Бекер опять испытал большое удовольствие, когда они втроем, сидя за одним столом, обедали в гостинице.
II
Когда последние гости простились с хозяином, Ливен еще поговорил кое с кем в лифте и в вестибюле. Посмеялись над обысками, произведенными в последнее время в гаражах и квартирах их единомышленников, которых обвиняли в организации запрещенных союзов. Левая пресса была переполнена описанием найденных документов. Капитан Штеффен рассказывал, что он сразу же переехал в отель «Эден», так как за его квартирой следят, но он, как и все, считает, что им не грозит ничего серьезного до тех пор, пока президентом остается Гинденбург.
— Весь этот шум в печати поднят собаками, которые брешут, но не кусают.
— Когда нам подадут сигнал, мы живо примемся за дело, предупреждать без конца мы не будем.

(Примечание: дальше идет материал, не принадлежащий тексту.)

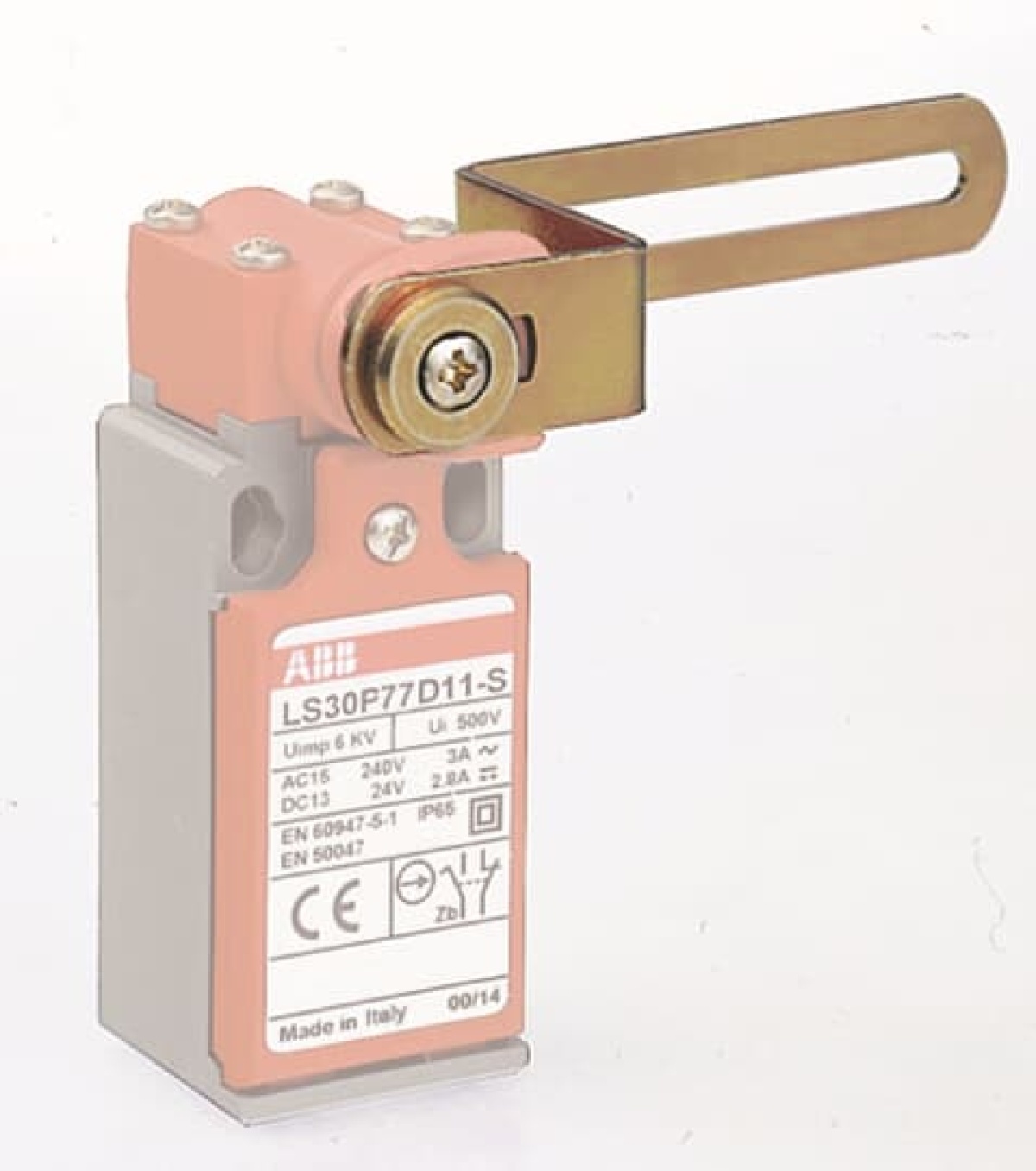 LS31P77L02-S Limit Switch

Ливен надеялся, что капитан Штеффен предложит ему выпить рюмочку коньяку. Но сегодня все точно сговорились, никто не пригласил его. Казалось, они все были до крайности поглощены неотложными делами, а потому дали ему спокойно уйти из отеля «Адлон» и пересечь Унтер-ден-Линден. Он решил поехать автобусом, так как денег на такси у него не было. Может быть, Штеффен даже боялся, что их разговор кончится просьбой о деньгах или об устройстве на работу. Хотя Ливен и берег костюм для таких случаев, как прием у Кастрициуса, фасон его порядком устарел. В мундире Ливен имел бы прежний вид, насмешливый и дерзкий, равнодушный ко всему свету. А теперь он стоял, втиснувшись в переполненный автобус, который мчал его по вечерним улицам, где огни вспыхивали быстрее, чем звезды в небе. Он умел хранить равнодушие на всех полях сражений, во всех опасностях, во всех войнах, а сейчас ему требовалось беспредельное равнодушие, чтобы отстоять себя в ночной столице, которая совершенно равнодушна к тому, погибнет ли он сию минуту или включится в ее треволнения, в какие-нибудь заговоры, любовные истории или финансовые аферы. Автобус катился то посреди сумрака глухой улицы, где фонари словно тонули в мареве, то мимо ярких и пестрых огней кинореклам, но у Ливена не было денег даже на кино, хотя он и служил агентом в фирме световой рекламы, куда его устроил зять Глейма, когда выяснилось, что Абд аль-Керим больше не нуждается в иностранных офицерах.
Ливен каждый месяц принуждал себя добывать два-три заказа, пуская в ход остатки своего красноречия, что стоило ему таких же усилий, как утомившемуся фокуснику особо сложный трюк. Когда у него оказывалось достаточно денег, чтобы разок пообедать в ресторане, хотя бы потом пришлось впроголодь жить весь месяц, он целыми днями и не вспоминал о своей службе. Его не увольняли только потому, что какой-то обер-директор внушил какому-то унтер-директору, что Ливену нужно оказать поддержку.
Он сошел в Штеглице. Торопливо миновал несколько тихих улиц. Ливен снимал здесь комнату, ему нравился район. В этом городе-гиганте были небоскребы и фабрики, были и кварталы, напоминавшие своей пустынностью деревню, провинцию, порты, даже заморские города. У Ливена теперь не хватало денег на комнату в доме, выходящем на улицу, и вот он идет двором во флигель, где снимает комнату у хозяйки. Но лестница здесь все же натерта, и медные шары на перилах все же поблескивают. В сущности, ему, Ливену, должно быть все равно: входит он во дворец или во дворовый флигель. Но его равнодушие нуждается в людях, которых бы это злило. А на заднем дворе в районе Штеглица, да и вообще в Берлине людям решительно нет никакого дела до того, что Ливен к чему-то равнодушен.